Письмо Лермонтова Лопухиной М. А.


Перевод письма

S.-Pétersbourg. Le 4-me Août. <1833 г.>

Je ne vous ai pas donné de mes nouvelles depuis que nous sommes allés au camp; et vraiment je n'aurais pu y réussir avec toute la bonne volonté possible; imaginez-vous une tente qui a 3 archines en long et en large et 21/2 de hauteur, occupée par trois personnes et tout leur bagage, toute leur armure, comme: sabres, carabines, chakos2 etc., etc. — le temps a été horrible, une pluie qui ne finissait pas faisait, que souvent nous passions 2 jours de suite sans pouvoir sécher nos habits; et pourtant cette vie ne m'a pas tout-à-fait déplu; vous savez, chère amie, que j'eus toujours un penchant très prononcé pour la pluie et la boue, et maintenant grâce à dieu j'en ai joui complètement.
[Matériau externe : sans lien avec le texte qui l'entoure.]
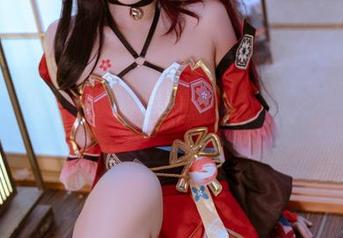 摄影：Quan冉有点饿与电锯人玛奇玛的奇妙比拼，感受你没见过的世界！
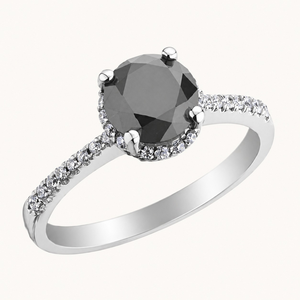 Anillo de Diamante Solitario Negro Real con Piedras Blancas de Acento |   Anillo de Compromiso de Oro Blanco de 14K |   Anillo de Diamante Negro de Corte Redondo - Product Image 4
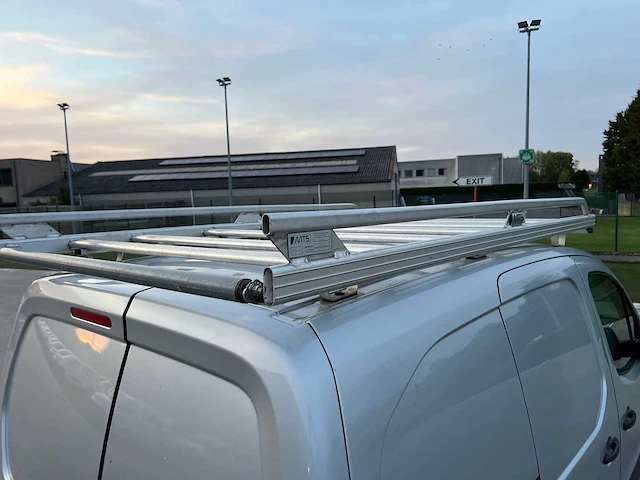 Peugeot - 2018 - partner - personenauto - afbeelding 5 van  18
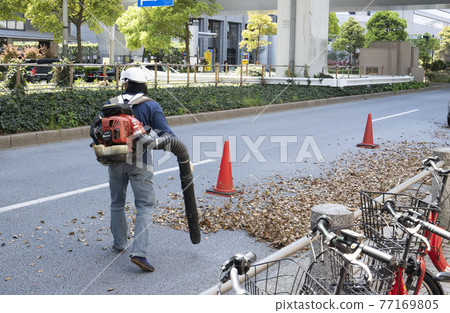 Street cleaner, road cleaner, picking up fallen leaves, blower, 77169805
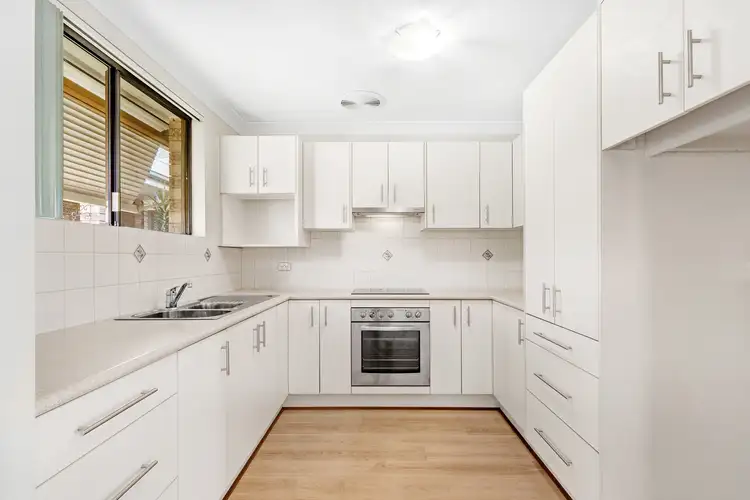 Third view of Homely villa listing, 4/122 Railway Crescent, Jannali NSW 2226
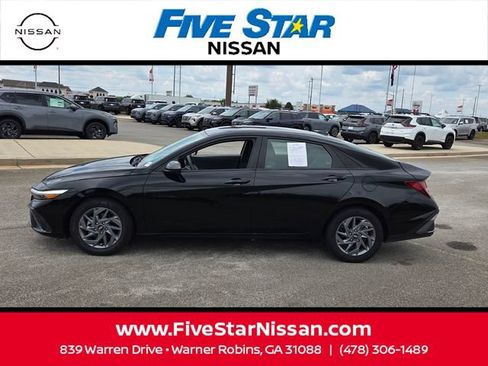 Used 2024 Hyundai Elantra SEL FWD image 4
— Nous sommes rentrés en ville, et bientôt recommencent nos occupations; la seule chose qui me soutient, c'est l'idée que dans un an je suis officier. — Et alors, alors — ... bon dieu! si vous saviez la vie que je me propose de mener!.. oh, cela sera charmant: d'abord, des bizarreries, des folies de toute espèce, et de la poésie noyée dans du champagne: — je sais vous allez vous recrier; mais hélas, le temps de mes rêves est passé; le temps de croire n'est plus; il me faut des plaisirs matériels, un bonheur palpable, un bonheur qui s'achète avec de l'or, que

l'on porte dans sa poche comme une tabatière, un bonheur qui ne fasse que tromper mes sens en laissant mon âme tranquille et inactive!.. voilà ce qui m'est nécessaire maintenant, et vous vous apercevez, chère amie, que je suis quelque peu changé depuis que nous sommes séparés; quand j'ai vu mes beaux rêves s'enfuir, je me suis dit que ça ne valait pas la peine d'en fabriquer d'autres; il vaut mieux, pensai-je, apprendre à s'en passer; j'essayai; j'avais l'air d'un ivrogne qui peu à peu tâche de se déshabituer du vin; — mes efforts ne furent pas inutiles, et bientôt je ne vis dans le passé qu'un programme d'aventures insignifiantes et fort communes. Mais parlons d'autres choses; — vous me dites que le Prince T. et votre sœur son épouse se trouvent fort contents l'un de l'autre; je n'y ajoute pas une foi entière, car je crois connaître le caractère de tous les deux, et votre sœur ne paraît pas très disposée à la soumission, et il paraît que monsieur n'est pas non plus un agneau! — Je souhaite que ce calme factice dure le plus longtemps

possible — mais je ne saurai prédire rien de bon. — Ce n'est pas que je vous trouve un manque de pénétration; mais je crois plutôt, que vous n'avez pas voulu me dire tout ce que vous pensiez; et c'est très naturel; car maintenant si mes suppositions sont vraies, vous n'avez pas même besoin de dire: oui. — Que faites vous à la campagne? vos voisins sont-ils amusants, aimables, nombreux? voici des questions qui vous auront l'air d'être faites sans aucune intention sérieuse!
 Dans un an, peut-être, je viendrai vous voir; et quels changements ne trouverai-je pas? — me reconnaîtrez-vous, et voudrez-vous le faire? — Et moi, quel rôle jouerai-je? sera-ce un moment de plaisir, pour vous, ou d'embarras pour nous deux? car je vous avertis, que je ne suis plus le même, que je ne sens plus, que je ne parle plus de la même manière, et dieu sait ce que je deviendrai encore dans un an; — ma vie jusqu'ici n'a été qu'une suite de désappointements, qui me font rire maintenant, rire de moi et des autres; je n'ai fait qu'effleurer tous les plaisirs, et sans en avoir joui, j'en suis dégoûté. 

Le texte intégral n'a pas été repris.